SAP HANA is a great case in point, and I have been working with some of my Colleagues at Cleartelligence on an interesting use case to demonstrate the accessibility and feasibility of big data concepts: predicting the news.
This is an especially exciting topic and time for me, as I can put together several of my passions and skills in new ways. Combining my IT degree and background, my psychology degree and social studies interests (high school major..) in ways I could never imagine before…
I started with a hypotheses, or a premise. And the premise is this: can the news, as reported in popular media channels, be predicted? My hypothesis is that yes, to a degree. If we could amass enough data, we could look for patterns or news categories, and see if we can identify seasonality in news categories. For example, can we correlate seasonality with certain types of news? Are there any sentiments patterns we can use to predict tomorrow’s news?
Just several years ago, being able to test out such a concept was completely unfeasible for anyone but a few individuals who had access to the world’s most expensive computing equipment. Today, we can tackle such a project with commodity hardware and enterprise software available to any organization.
So, the first step in the project is to collect data. Of course, the more data we gather, the better our analysis can become, and more accurate. And this is one of the key reasons why big data is becoming so pervasive today, the technology that allows us to collect sufficient amounts of data and process them in an efficient and economic manner, to produce high quality results.

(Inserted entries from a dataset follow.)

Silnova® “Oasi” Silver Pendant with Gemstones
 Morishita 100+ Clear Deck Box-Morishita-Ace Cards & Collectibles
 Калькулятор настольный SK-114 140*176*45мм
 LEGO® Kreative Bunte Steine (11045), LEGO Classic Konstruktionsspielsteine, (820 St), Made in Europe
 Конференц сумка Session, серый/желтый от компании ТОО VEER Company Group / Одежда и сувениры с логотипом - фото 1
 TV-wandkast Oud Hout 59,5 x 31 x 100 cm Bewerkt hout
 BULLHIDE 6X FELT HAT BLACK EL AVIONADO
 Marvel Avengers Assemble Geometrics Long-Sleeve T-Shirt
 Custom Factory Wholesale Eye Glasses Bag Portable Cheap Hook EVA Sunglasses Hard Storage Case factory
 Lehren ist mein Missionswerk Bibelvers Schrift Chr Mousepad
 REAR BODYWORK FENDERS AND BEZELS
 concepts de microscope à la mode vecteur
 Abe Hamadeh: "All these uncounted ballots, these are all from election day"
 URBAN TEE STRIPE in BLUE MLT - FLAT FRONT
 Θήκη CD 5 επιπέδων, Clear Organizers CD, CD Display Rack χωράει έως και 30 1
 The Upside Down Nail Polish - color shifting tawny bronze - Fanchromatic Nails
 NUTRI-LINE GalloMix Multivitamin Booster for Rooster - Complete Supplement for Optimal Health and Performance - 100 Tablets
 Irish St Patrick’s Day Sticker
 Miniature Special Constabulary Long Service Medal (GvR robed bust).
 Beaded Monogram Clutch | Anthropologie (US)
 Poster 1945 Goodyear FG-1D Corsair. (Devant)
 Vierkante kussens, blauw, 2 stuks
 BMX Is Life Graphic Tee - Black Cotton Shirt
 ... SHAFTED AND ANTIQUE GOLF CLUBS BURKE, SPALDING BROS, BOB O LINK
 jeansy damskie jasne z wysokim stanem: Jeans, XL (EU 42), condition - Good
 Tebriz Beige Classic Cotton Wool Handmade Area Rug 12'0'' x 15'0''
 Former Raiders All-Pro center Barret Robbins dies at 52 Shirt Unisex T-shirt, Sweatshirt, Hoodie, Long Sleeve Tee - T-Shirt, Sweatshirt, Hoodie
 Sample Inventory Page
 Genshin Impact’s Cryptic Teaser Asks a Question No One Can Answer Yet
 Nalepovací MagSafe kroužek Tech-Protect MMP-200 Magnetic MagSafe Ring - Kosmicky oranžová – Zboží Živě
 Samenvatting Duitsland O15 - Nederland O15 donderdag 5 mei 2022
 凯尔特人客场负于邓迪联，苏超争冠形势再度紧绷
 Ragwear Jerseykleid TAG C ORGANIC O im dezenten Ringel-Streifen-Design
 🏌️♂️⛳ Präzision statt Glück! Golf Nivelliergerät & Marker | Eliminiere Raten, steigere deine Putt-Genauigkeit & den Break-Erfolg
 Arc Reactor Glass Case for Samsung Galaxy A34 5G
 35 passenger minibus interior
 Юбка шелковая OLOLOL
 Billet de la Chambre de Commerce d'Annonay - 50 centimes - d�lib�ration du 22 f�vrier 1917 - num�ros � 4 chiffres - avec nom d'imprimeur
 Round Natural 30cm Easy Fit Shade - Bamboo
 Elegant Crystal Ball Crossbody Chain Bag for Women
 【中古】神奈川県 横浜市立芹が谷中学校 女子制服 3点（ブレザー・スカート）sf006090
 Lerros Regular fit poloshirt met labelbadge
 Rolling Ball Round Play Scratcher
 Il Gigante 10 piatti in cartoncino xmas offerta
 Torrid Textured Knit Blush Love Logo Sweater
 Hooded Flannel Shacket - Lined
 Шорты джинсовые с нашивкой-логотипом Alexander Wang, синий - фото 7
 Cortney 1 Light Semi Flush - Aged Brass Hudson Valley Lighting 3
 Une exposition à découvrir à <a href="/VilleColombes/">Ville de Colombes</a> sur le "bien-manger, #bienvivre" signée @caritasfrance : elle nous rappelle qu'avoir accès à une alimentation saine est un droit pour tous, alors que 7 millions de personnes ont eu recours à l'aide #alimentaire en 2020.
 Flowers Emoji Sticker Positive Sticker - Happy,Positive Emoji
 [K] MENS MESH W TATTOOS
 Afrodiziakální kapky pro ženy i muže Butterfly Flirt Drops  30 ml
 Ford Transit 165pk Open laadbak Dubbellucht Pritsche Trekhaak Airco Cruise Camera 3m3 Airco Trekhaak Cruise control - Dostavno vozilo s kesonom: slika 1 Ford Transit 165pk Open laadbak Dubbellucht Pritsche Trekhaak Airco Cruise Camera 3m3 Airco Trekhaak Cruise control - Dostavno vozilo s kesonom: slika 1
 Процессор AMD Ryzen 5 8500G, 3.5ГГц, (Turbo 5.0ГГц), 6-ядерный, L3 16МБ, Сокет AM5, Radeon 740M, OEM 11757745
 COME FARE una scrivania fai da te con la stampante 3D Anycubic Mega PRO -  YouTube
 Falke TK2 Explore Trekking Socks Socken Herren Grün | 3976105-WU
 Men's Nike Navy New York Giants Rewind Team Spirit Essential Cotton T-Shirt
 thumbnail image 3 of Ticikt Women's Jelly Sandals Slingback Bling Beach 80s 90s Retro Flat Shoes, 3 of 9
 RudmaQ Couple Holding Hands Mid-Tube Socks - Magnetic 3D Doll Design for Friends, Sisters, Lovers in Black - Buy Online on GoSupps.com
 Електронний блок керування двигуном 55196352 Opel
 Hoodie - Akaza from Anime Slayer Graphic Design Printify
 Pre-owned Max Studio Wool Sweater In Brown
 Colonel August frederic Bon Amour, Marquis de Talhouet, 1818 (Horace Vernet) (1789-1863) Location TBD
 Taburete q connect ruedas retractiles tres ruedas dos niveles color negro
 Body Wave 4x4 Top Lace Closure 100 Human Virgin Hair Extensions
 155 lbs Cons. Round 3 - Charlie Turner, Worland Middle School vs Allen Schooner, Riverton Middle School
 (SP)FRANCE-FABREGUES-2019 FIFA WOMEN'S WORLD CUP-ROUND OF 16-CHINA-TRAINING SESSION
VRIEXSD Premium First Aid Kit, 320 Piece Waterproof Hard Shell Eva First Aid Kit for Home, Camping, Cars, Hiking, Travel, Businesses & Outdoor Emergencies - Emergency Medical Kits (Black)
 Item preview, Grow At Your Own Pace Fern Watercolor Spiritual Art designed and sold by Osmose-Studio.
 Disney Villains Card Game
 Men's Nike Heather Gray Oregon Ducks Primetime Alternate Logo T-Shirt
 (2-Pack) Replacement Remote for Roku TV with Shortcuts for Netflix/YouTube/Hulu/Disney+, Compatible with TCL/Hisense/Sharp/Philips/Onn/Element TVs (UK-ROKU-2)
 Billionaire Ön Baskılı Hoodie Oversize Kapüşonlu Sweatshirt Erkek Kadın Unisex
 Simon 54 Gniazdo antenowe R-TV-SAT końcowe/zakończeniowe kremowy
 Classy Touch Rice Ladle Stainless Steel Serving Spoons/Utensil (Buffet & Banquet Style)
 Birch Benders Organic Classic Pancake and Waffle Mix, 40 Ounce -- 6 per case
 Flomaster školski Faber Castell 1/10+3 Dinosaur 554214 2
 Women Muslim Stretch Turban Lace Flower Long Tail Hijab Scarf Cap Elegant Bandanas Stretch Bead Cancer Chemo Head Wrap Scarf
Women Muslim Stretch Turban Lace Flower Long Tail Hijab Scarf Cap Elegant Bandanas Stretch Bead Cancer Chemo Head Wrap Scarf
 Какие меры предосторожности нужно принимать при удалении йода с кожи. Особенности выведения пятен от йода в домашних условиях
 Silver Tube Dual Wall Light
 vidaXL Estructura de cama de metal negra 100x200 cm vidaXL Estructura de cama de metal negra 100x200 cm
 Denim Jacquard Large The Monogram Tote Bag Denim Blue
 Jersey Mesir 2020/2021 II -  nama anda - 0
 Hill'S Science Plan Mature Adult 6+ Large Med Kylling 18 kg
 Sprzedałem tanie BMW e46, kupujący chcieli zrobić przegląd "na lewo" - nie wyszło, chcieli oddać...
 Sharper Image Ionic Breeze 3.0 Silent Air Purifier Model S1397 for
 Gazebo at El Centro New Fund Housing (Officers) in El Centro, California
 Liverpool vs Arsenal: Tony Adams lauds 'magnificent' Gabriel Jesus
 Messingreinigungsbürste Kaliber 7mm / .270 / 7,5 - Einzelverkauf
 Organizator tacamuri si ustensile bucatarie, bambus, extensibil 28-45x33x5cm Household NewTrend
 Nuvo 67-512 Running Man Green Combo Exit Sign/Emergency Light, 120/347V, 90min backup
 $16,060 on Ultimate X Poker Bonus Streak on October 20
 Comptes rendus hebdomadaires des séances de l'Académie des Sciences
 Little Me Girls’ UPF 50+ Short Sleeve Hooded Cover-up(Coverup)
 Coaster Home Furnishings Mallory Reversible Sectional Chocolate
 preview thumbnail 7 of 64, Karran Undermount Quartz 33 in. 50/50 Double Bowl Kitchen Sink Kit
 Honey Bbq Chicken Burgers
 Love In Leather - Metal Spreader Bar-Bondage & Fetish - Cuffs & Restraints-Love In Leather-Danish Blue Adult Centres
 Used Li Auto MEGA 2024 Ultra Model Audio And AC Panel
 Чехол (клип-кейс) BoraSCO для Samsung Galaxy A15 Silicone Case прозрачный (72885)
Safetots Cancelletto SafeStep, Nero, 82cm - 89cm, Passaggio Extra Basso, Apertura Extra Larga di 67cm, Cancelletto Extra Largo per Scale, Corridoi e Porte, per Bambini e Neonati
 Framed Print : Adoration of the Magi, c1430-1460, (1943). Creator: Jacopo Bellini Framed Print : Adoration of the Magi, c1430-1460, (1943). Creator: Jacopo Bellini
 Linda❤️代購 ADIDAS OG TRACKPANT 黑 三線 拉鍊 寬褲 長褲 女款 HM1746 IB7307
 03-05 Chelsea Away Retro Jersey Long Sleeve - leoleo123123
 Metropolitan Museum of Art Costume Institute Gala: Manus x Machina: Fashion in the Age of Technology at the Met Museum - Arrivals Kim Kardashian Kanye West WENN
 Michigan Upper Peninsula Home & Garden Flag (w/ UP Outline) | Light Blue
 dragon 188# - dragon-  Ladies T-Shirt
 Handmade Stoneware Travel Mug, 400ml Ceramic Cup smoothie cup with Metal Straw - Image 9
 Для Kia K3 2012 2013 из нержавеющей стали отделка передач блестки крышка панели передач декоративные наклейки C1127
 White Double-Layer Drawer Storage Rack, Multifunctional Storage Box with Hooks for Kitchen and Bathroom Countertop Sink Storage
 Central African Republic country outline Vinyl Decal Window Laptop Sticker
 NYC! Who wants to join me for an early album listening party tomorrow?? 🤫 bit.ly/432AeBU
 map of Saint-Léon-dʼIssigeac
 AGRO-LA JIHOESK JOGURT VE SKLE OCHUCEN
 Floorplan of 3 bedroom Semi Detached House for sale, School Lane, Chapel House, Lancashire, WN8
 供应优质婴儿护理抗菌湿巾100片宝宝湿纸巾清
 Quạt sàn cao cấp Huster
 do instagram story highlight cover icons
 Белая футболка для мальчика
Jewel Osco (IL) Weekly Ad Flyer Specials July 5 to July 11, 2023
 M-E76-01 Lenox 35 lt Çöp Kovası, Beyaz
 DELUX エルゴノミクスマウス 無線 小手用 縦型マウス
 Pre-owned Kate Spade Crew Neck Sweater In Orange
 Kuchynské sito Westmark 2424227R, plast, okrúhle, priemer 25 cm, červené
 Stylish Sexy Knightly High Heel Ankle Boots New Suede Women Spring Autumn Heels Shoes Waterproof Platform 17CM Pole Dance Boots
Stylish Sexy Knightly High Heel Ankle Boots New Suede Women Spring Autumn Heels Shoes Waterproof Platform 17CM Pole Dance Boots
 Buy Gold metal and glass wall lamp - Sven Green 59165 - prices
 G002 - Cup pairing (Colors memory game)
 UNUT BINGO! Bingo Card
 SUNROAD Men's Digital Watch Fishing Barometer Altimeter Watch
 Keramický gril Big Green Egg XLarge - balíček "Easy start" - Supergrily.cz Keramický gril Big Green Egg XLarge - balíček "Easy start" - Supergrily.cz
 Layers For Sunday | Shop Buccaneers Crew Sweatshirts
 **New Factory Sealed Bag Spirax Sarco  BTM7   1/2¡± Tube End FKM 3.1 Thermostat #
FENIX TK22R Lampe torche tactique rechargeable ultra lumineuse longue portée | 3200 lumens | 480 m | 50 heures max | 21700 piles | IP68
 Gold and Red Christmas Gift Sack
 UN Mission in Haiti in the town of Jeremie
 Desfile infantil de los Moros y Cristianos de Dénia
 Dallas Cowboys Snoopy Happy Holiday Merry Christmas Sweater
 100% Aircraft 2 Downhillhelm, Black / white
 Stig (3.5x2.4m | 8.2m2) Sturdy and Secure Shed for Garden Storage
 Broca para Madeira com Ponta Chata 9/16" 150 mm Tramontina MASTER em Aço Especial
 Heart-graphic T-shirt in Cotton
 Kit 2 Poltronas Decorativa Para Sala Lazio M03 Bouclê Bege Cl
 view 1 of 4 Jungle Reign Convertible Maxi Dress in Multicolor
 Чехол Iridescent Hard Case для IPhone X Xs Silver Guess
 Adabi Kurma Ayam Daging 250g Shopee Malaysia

To collect my data, I wrote a small java program that crawls several of the top news web sites, and scrapes their front page into our HANA database. This program runs nightly, and as such, each day, our news database grows by several multitudes, as the number of web sites scraped.
Next, I used HANA text analysis functions to index the web sites data, which is stored as BLOB. HANA can automagically process free form text using the text analysis functions and has several configuration options to extract meaning from the unstructured BLOBS. Some of the options include LINGANALYSIS_BASIC, LINGANALYSIS_FULL or EXTRACTION_CORE. Each processing option provides different capabilities from parsing individual words, to using complex linguistic analysis and pattern matching to retrieve specific information about customers’ needs and perceptions.
The EXTRACTION_CORE option proved extremely insightful as it not only extracted meaning out of the BLOB, it also categorized it into some pre-defined categories, easy to use and simple.
This data gathering program has only been running for a short period, and I plan to continue updating this topic with additional insights, data visualization techniques and examples of interesting usage of this technology as more data is gathered.